Because I've done some more digging and have a possible reason why you see different CPU load changes than I do, including how you said that you didn't see much benefit from reducing the number of extra calculations.
If the instructions are double-precision, K8, which is Athlon64 and Athlon64 X2, only has a 64-bit wide SSE pathway. To handle 128-bit DP instructions, the K8 core has to split the instruction in half and process the halves. This means that 128-bit DP instructions coming into the pipeline may encounter a split-process-reassemble chain.
So, in addition to the 128-bit, are the numbers also double-precision? That ties back to the post on the Intel forum, btw, and may include whatever IPP calls you use.

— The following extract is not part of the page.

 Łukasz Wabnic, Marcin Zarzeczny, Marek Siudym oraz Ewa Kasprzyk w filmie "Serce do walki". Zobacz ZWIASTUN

These very detailed architectural differences can't really be compensated for by reducing the number of cores you have running or slowing the processor down, as your Core2 system handles SSE(x) very differently internally, to the point of where you'd have to be able to manipulate the performance of a Core2 system down to the XMM / SSE register level.
Bottom line here: Not requesting you rewrite to only generate 64-bit chunks, but just requesting you re-examine removing the unneeded steps in the various filters, because for every 1 unneeded step, K8 may be taking up to 3 unneeded steps (split-process-process-combine vs. process).